╔══

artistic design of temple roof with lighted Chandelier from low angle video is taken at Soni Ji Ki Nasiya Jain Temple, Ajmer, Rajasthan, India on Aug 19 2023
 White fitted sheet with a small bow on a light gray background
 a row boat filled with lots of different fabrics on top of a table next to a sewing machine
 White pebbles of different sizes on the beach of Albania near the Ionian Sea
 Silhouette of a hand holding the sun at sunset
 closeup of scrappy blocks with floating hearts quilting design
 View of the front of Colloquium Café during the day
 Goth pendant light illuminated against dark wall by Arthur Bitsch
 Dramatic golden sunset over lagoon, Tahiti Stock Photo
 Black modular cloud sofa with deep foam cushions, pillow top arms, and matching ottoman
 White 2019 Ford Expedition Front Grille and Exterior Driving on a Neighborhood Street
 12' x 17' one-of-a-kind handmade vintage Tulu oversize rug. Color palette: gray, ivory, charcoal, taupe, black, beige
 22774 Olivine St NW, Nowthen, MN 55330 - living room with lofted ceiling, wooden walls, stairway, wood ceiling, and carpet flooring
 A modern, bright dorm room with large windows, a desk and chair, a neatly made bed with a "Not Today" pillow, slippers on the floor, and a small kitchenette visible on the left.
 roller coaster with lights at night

╚══

What to work on: Every line from the data above that contains "gray" must appear in the answer.

Problem solution:
 White fitted sheet with a small bow on a light gray background
 12' x 17' one-of-a-kind handmade vintage Tulu oversize rug. Color palette: gray, ivory, charcoal, taupe, black, beige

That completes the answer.